MemGPT's architecture breaks this assumption in three distinct ways:

‍

‍

Failure Mode 1: Working Context Mutations

The Working Context section sits immediately after System Instructions in the prompt. When an agent calls core_memory_replace() or core_memory_append() to update user or persona information, the content at that position changes. This breaks the prefix at exactly the point where the largest cacheable blocks — archival documents and function definitions — begin.

The cruel irony: the content you most want to cache sits downstream of the content that keeps changing. Prefix caching can't reach it.

‍

Failure Mode 2: FIFO Queue Shifts on Every Turn

The FIFO Queue holds recent conversation history. Every new user message pushes the oldest message out of the queue. This means the token sequence after System Instructions is different on every single turn — a structural, unavoidable prefix break that happens regardless of whether anything else in the prompt changes.

‍

Failure Mode 3: Variable Archival Retrieval Positions

When the agent retrieves documents from Archival Storage, those documents are inserted into the prompt at positions that depend on the current queue length. The same document retrieved on turn 3 versus turn 7 appears at a different token position. Prefix caching requires identical position — so even repeated retrievals of the same content produce cache misses.

‍Key takeaway: In a typical MemGPT session with a ~16,000 token context window, prefix caching can only reliably reach the static System Instructions (~2,000 tokens). Everything else is recomputed from scratch on every turn. Measured cache hit rate: ~43.9%. This is not a tuning problem. It's an architectural incompatibility.

‍
Non-prefix Caching: Matching Content, Not Position

‍

Unlike prefix caching, non-prefix (or block) caching matches any contiguous block of tokens regardless of where it appears in the prompt. For MemGPT's architecture, this is transformative. The content that keeps shifting position across turns — archival documents, function definitions, recalled conversations — is still the same content. Non-prefix caching recognizes that and reuses it.

‍

‍

The token math for a ~16,000 token MemGPT prompt:

Prefix caching: System Instructions + partial Working Context = ~3,250 tokens cacheable. Theoretical coverage ~20%. Measured hit rate: ~43.9%.

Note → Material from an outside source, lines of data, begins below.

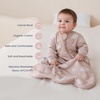 KaiyaBaby Organic Cotton Baby Sleep Sack, Long Sleeve 1.0 TOG, 6-18M(Pink Sky)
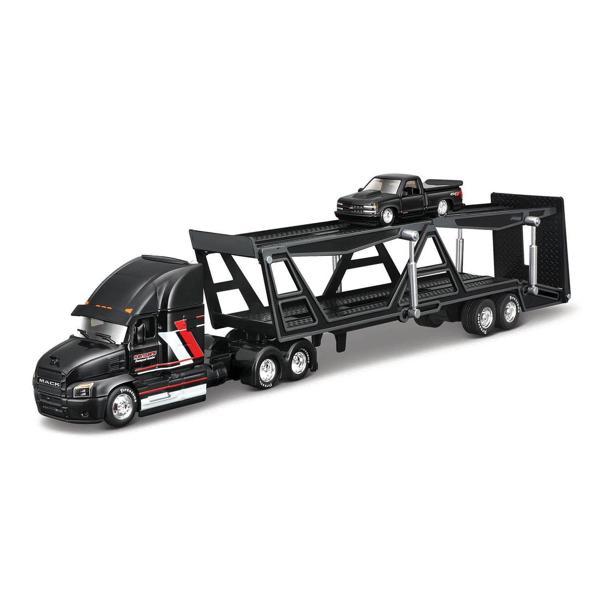 1:64 Mack Anthem Tır ve 1:64 1993 Chevrolet 454 SS Pickup Model A - Image 1
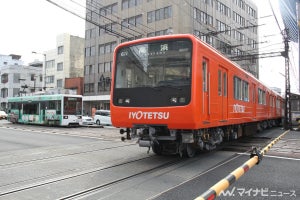 伊予鉄道、10/1運賃改定 - 郊外電車・市内電車の初乗り運賃170円に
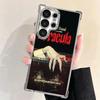 Готический вампир Алый Арт Покрытие Чехол для телефона Для Samsung Galaxy S24 S25 FE S26 Edge S23 Ultra S22 S21 Plus S20 Противоударный Airaba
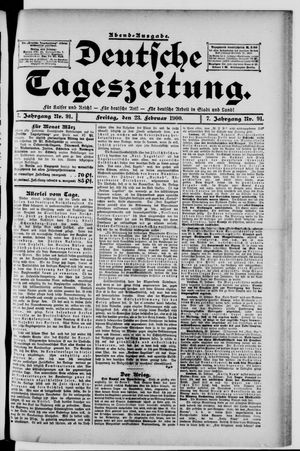 Deutsche Tageszeitung on Feb 23, 1900
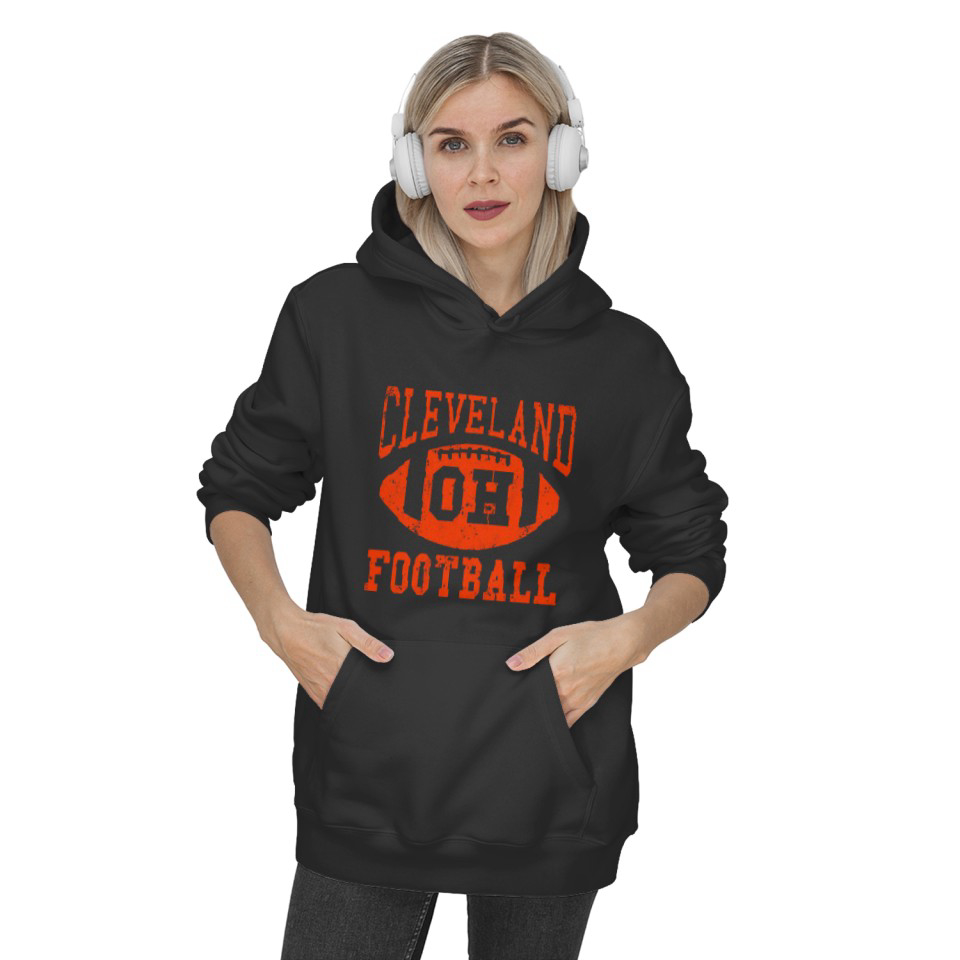 Cleveland Oh Football Pullover Hoodie, Gift For Men And Women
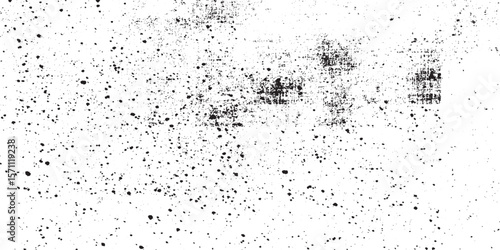 Dirty or dust film grain speck grit grunge overlay on Speckle grain dot white paper noise texture with distress effect vector illustration pattern background 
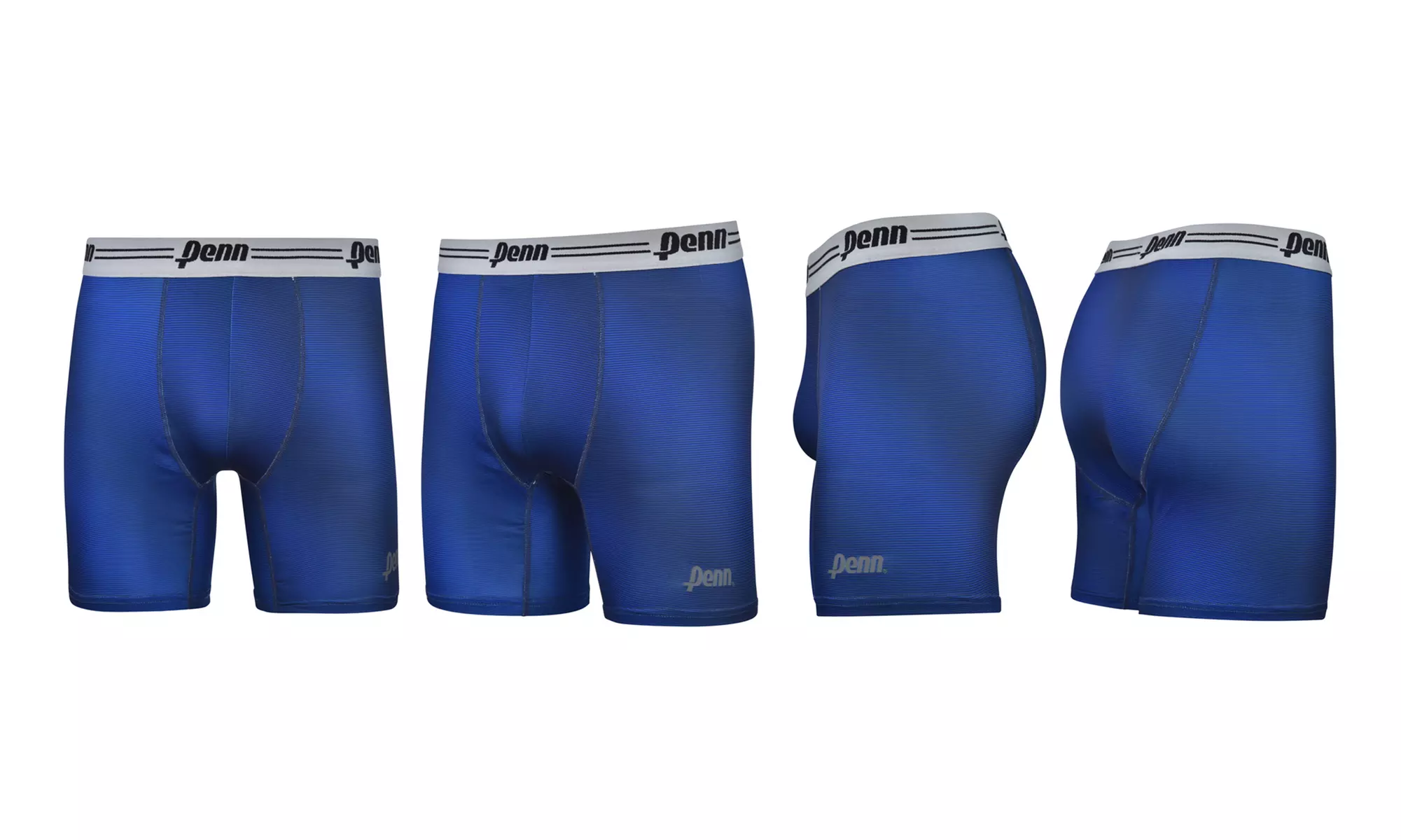 PENN Mens Performance Boxer Briefs - 12 Pack Tagless No Fly Mystery Colors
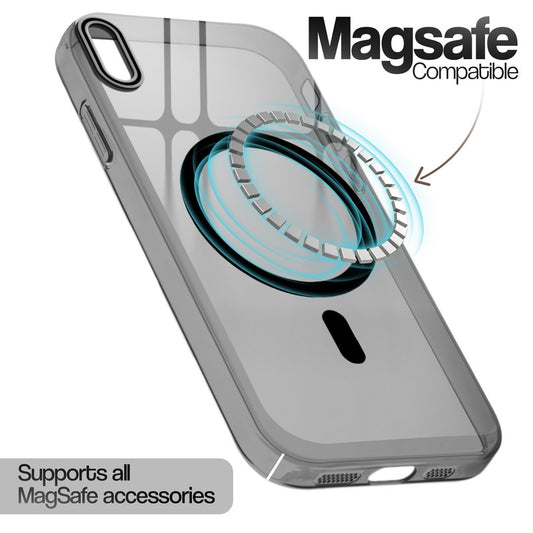 Anti-Yellow Scratch Resistant Case Support Wireless Charging Back Cover For Apple iPhone XS Max
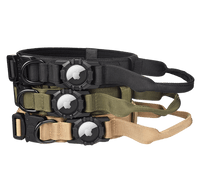 Thumbnail for Tactical Tracking Tag Compatible Dog Collar With Handle | Heavy Duty 1.5 Inch Made for Medium to Large Breeds
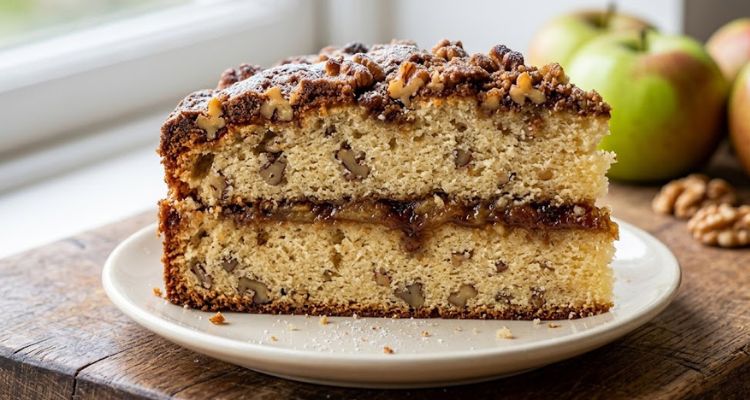Mary Berry Apple and Walnut Cake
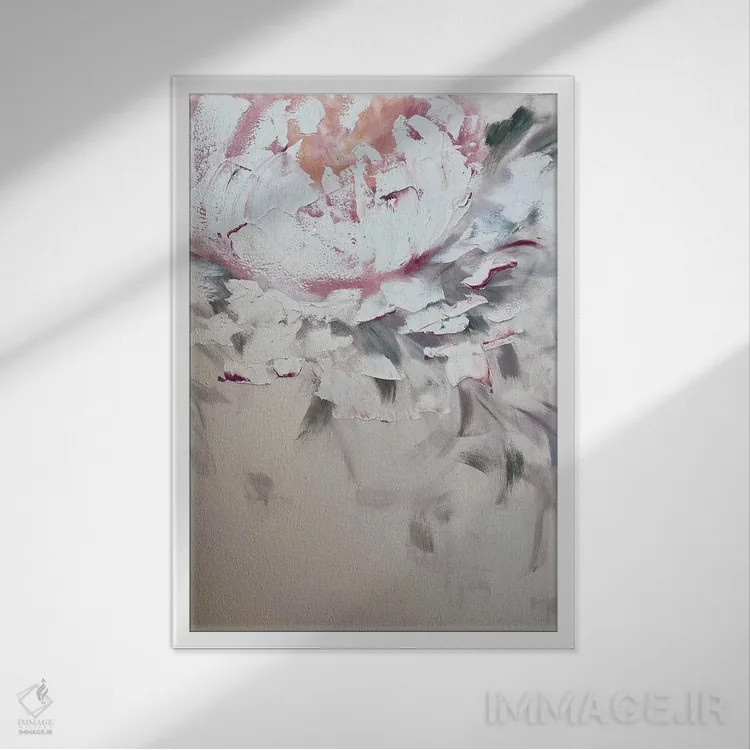 تابلو انتزاعی زندگی نو اثر مارینا اسکرمووا - نمای قابدار سفید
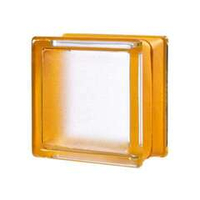 Стеклоблок желтый Mini Classic 14.6x14.6x8 см.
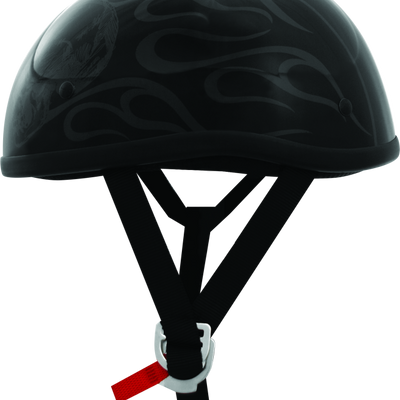 Skid Lids Ghost Skull Flames Helmet - Medium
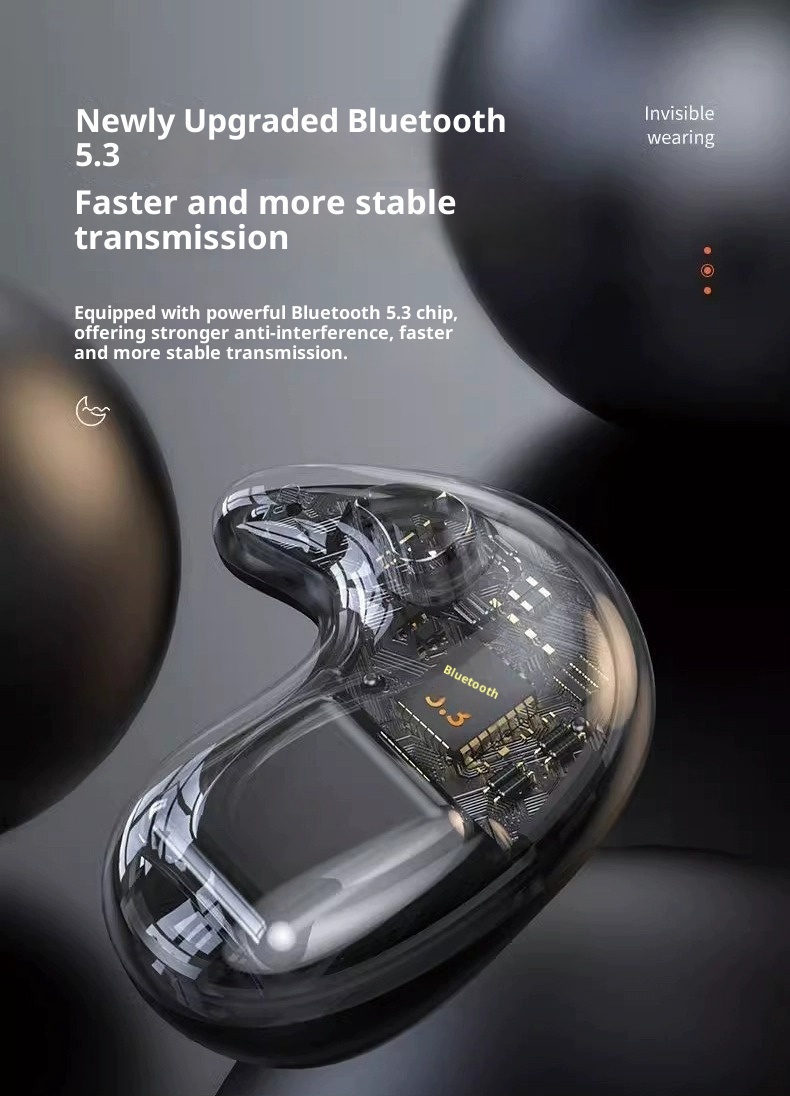 3c Ultra-Thin X55 Sleep Wireless Bluetooth Earphones 2025 New Air Bone Conduction Long Battery Life Non-In-Ear_voghion.com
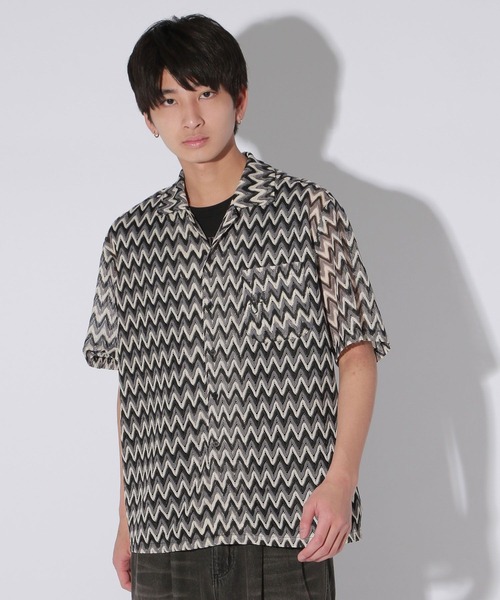 【セール】【UNISEX】エスニックレースロゴシャツ（シャツ/ブラウス）｜Anui（アニュイ）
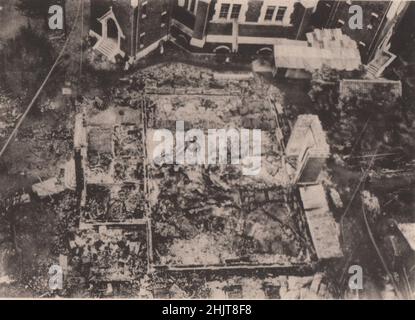 Erdbeben in Japan 1923: Die Ruinen der Kaiserlichen Universität Tokio in Hongo Stockfoto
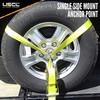 US Cargo Control Side Mount Wheel Net with Ratchet and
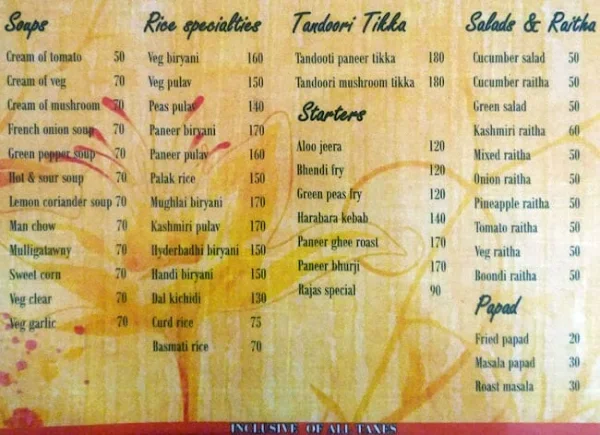 Utsav Restaurant menu 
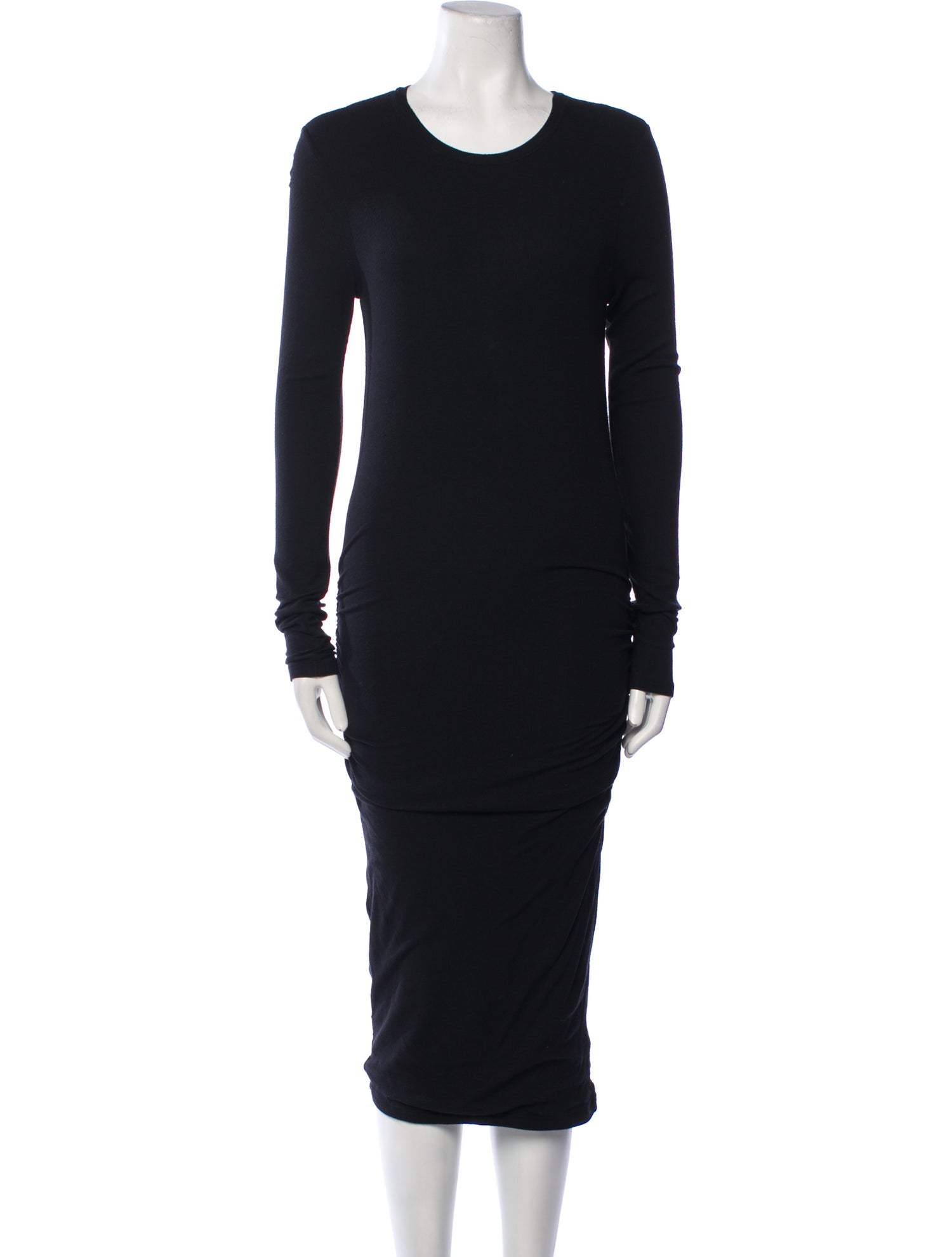 ATM Anthony Thomas Melillo Crew Neck Midi Length Dress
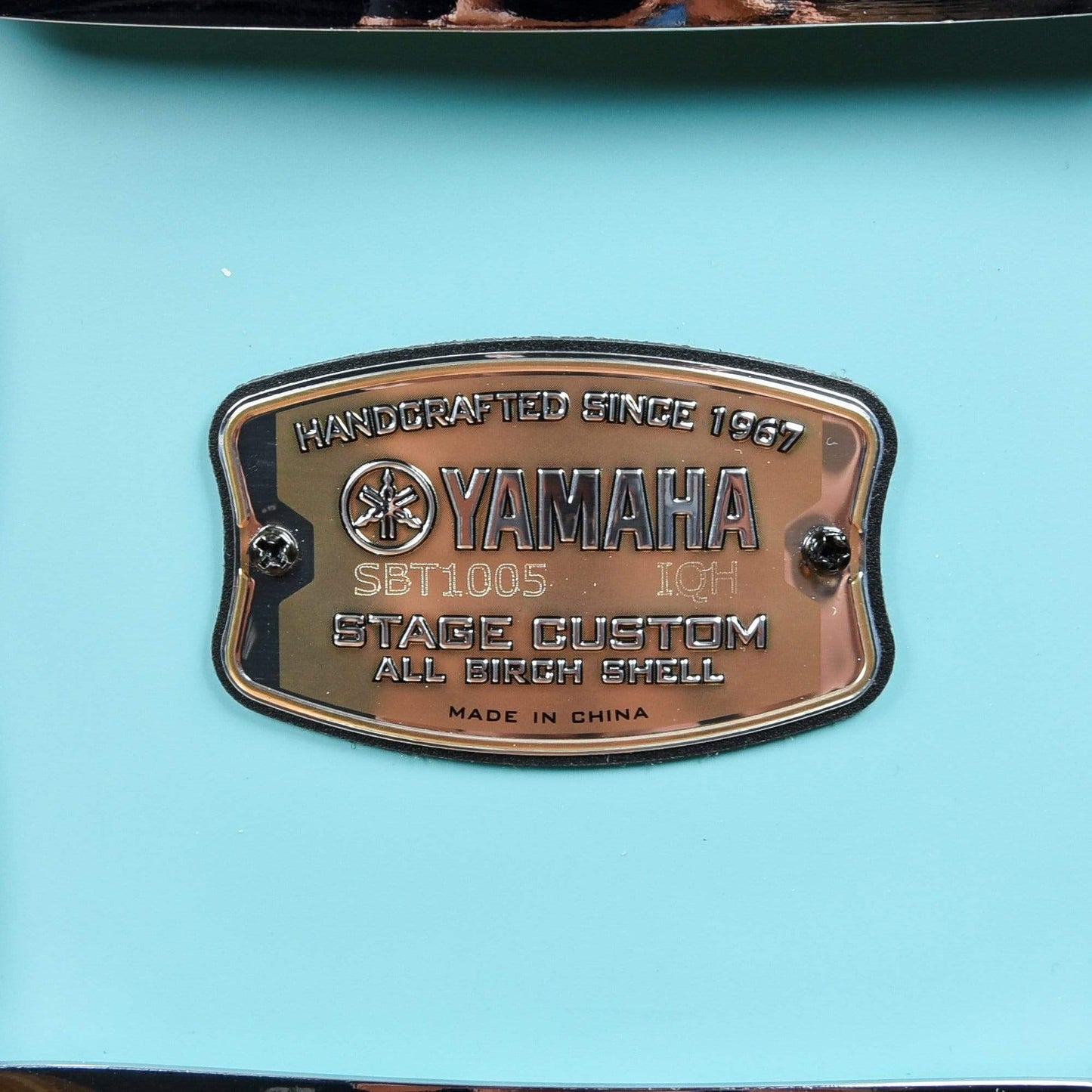 Yamaha Stage Custom Hip 10/13/20/5x13 4pc. Drum Kit Matte Surf Green Drums and Percussion / Acoustic Drums / Full Acoustic Kits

Non-prefix caching: System Instructions + Archival Docs + Function Defs + Recalled Conversations = ~15,500 tokens cacheable. Only ~500 tokens of genuinely new queue content missed. Theoretical coverage 95%+. Measured hit rate: ~93.4%.

‍

Empirical Validation: LMCache MemGPT Benchmark

The theoretical analysis is confirmed by LMCache MemGPT benchmark results measuring cache performance on production-representative agent traces using meta-llama/Llama-3.1-8B with 20 LLM calls and an average token length of ~21,882 tokens per session.

‍

Observed Cache Performance

‍

What This Means for Your Enterprise Deployment

A 49.5 percentage point gap in cache hit rate isn't just a technical benchmark — it's a cost multiplier that compounds with every session, every user, and every agent you run in production.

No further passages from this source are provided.